I was looking at the CVPS current LEB offer overnight.  Looked at all the comments and got these totals:

29 negatives
18 --- off topic or not a review
6 positives
6 CVPS self comments


----------



## drmike (Sep 16, 2013)

And... finally LEB publishes another offer.  It has been days....

September 16, 2013 @ 11:35 am --- new ad

 September 12, 2013 @ 5:30 pm  --- CVPS ad

3 days 17 hours and 55 minutes of being the last offer on LEB for CVPS 

That's on top of 2 back-to-back offers for CC companies (OrbitServers and CVPS).  Let's be honest, it's three in a row.  PremiumVM = HVH "employee" and his Atlanta node is via Colocrossing.

No bias or unfairness.   Nope...


----------



## terafire (Sep 17, 2013)

People allow the bias to continue, because everyone knows the affiliation and bias, but doesn't do anything about 

It's brilliant, and evil at the same time. They know they pretty much have the last say in the VPS market.
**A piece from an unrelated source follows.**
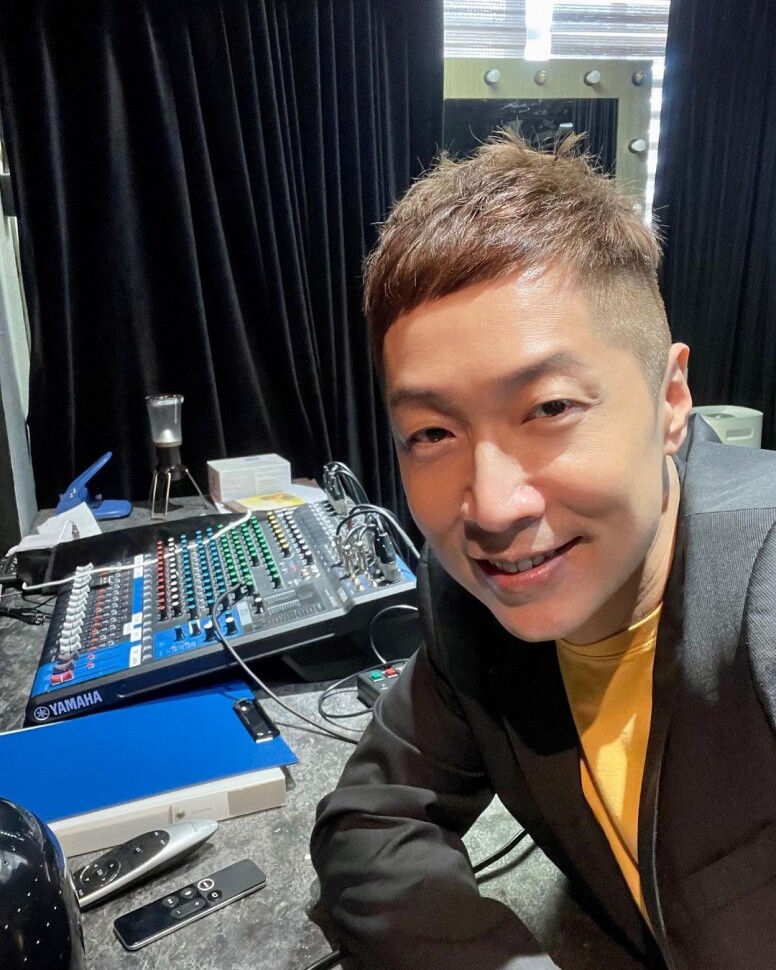 馬浚偉以歌手身份入行，後來進入大台並不多套劇集擔當男一，近年積極到幕後發展，包括投資電影及撰寫劇本等，今年4月及5月宣佈分別擔任大台藝術訓練中心校長及香港電台創作總監，升呢晉身管理層。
That's like Microsoft owning an alternative OS magazine.


----------



## JayZ (Sep 17, 2013)

buffalooed said:


> *100 X 7 = $700 dollars for a node that may total cost per month be $250 if that. *​ ​See, problem is his average purchase per customer likely is around the $4 point considering the specials he runs and that never expire (well most don't).
> 
> The formula is more like this:
> 
> ...


I'm guessing cvps has some things ln place to reduce costs far more than you think. For starters you can lease servers similar to the specs you list from Dell, HP or countless supermicro builders for peanuts. I have personally leased $5k servers from dell on 3 year leases for 1% apr with a $1 buyout.

With the volume you are speculating he could also very easily be running a line of credit with IngramMicro, MA LABS, etc.

Who's to say he is leasing colocrossing servers?

As for bandwidth overages, buy a circuit. Cogent will drop you a 1gig circut for $750/mo unmetered. Cogent sucks you say? FiberTech, I-O-N, L3, they all will drop a 1gig circuit for $1,100-$1,500. unmetered. (all on-net ofcourse). if you dont care about quality HE will give you 1gig for $500 (bring your own IPs).

No idea what colocrossing racks go for but im sure its reasonable.

Not that he is doing that, but he could.

As for overselling and what not, damned if I know.

I bet that $18k is more than you think.


----------



## raindog308 (Sep 17, 2013)

" You might be better off going over to VPSBoard where all my haters are."


----------